Running `aifs.search` will chunk and embed all nested supported files (`.txt`, `.py`, `.sh`, `.docx`, `.pptx`, `.jpg`, `.png`, `.eml`, `.html`, and `.pdf`) in `path`. It will then store these embeddings into an `_.aifs` file in `path`.

By storing the index, you only have to chunk/embed once. This makes semantic search **very** fast after the first time you search a path.

If a file has changed or been added, `aifs.search` will update or add those chunks. We still need to handle file deletions (we welcome PRs).

### In detail:

1. If a folder hasn't been indexed, we first use [`unstructured`](https://github.com/Unstructured-IO/unstructured/tree/main) to parse and chunk every file in the `path`.
2. Then we use [`chroma`](https://github.com/chroma-core/chroma) to embed the chunks locally and save them to a `_.aifs` file in `path`.
3. Finally, `chroma` is used again to semantically search the embeddings.

If an `_.aifs` file _is_ found in a directory, it uses that instead of indexing it again.

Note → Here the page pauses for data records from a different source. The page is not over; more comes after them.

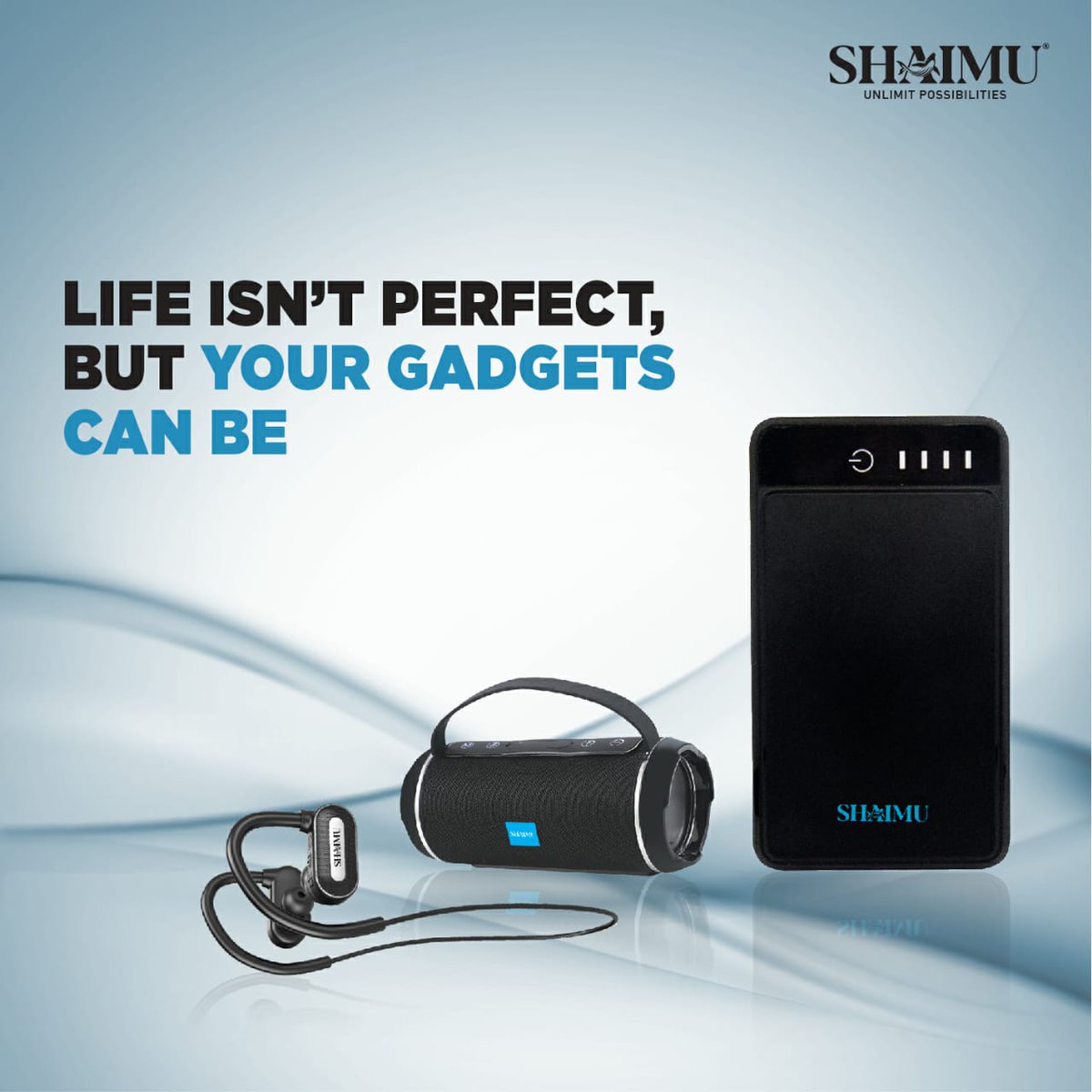 ShaimuIndia's tweet photo. Give your #gadgets a perfect upgrade with #ShaimuElectronics.
#BestQuality #PremiumQuality #BestProducts #PhoneAccessories #MobileAccessories #Earphones #Chargers #BluetoothSpeakers #USBCables #Neckbands #ShaimuElectronics #ShaimuIndia https://t.co/Jpq6xAnF5v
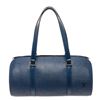 Louis Vuitton Blue Epi Leather Soufflot Shoulder Bag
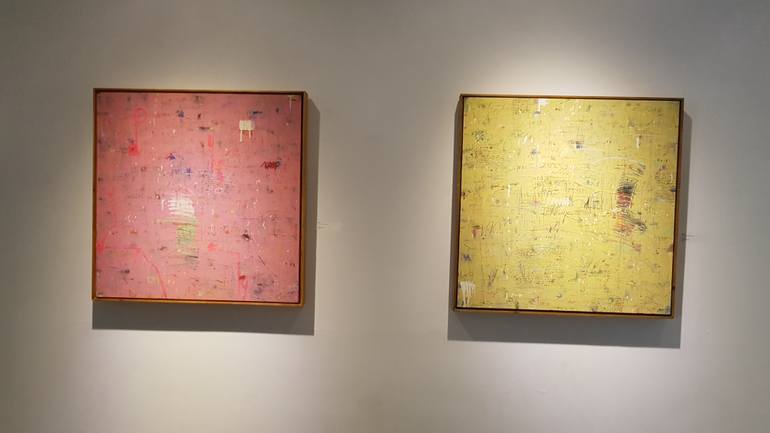 Original Abstract Expressionism Abstract Painting by Jungwoo Hong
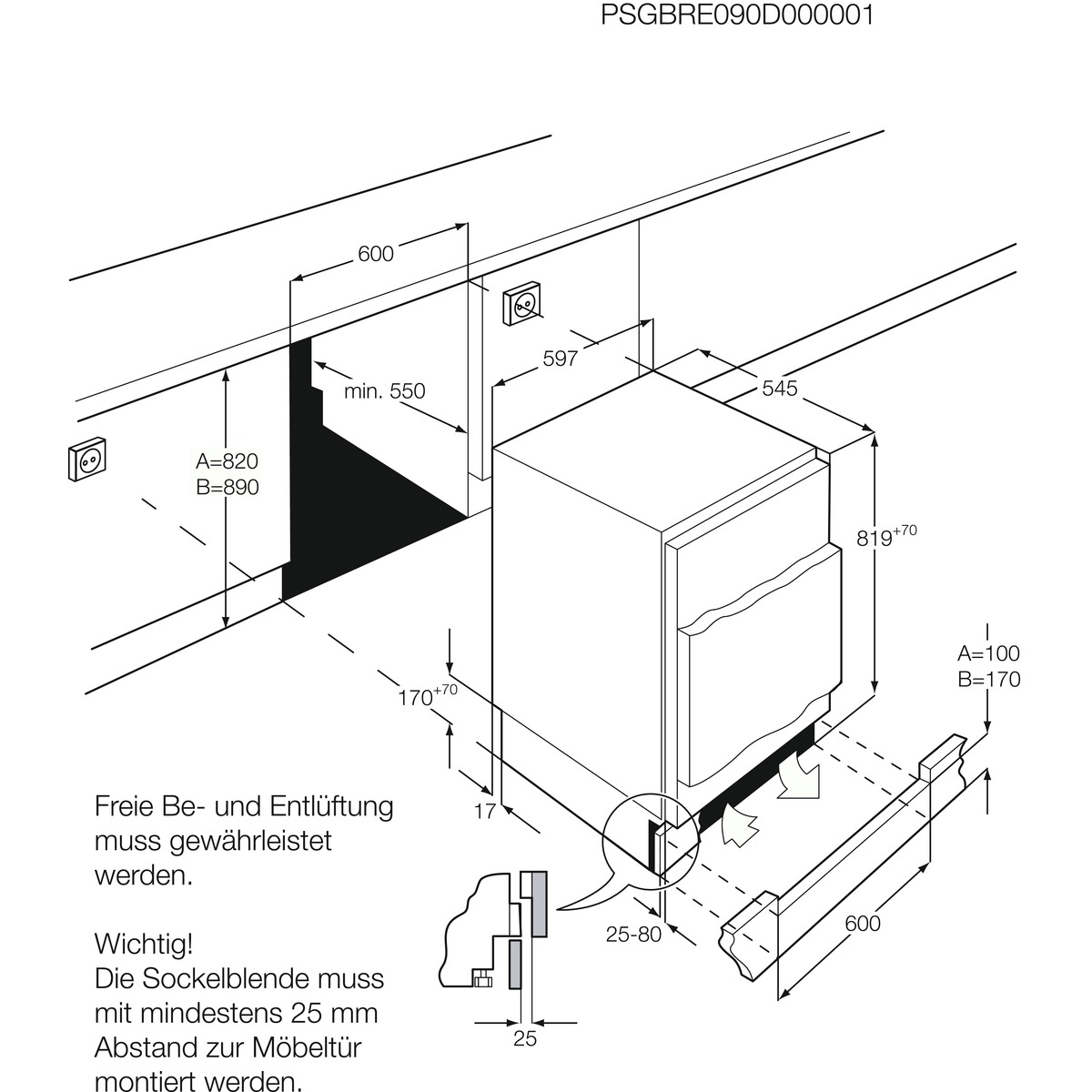 AEG SFB58221AF combi-fridge Built-in – image 3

If some files have been updated, it will re-index those.

# Goals

- We should always have SOTA parsing and chunking. The logic for this should be swapped out as new methods arise.
  - Chunking should be semantic — as in, `python` and `markdown` files should have _different_ chunking algorithms based on the expected content of those filetypes. Who has this solution?
  - For parsing, I think Unstructured is the best of the best. Is this true?
- We should always have SOTA embedding. If a better local embedding model is found, we should automatically download and use it.
  - I think Chroma will always do this (is this true?) so we depend on Chroma.
- This project should stay **minimally scoped** — we want `aifs` to be the best local semantic search in the universe.

# Why?

We built this to let [`open-interpreter`](https://openinterpreter.com/) quickly semantically search files/folders.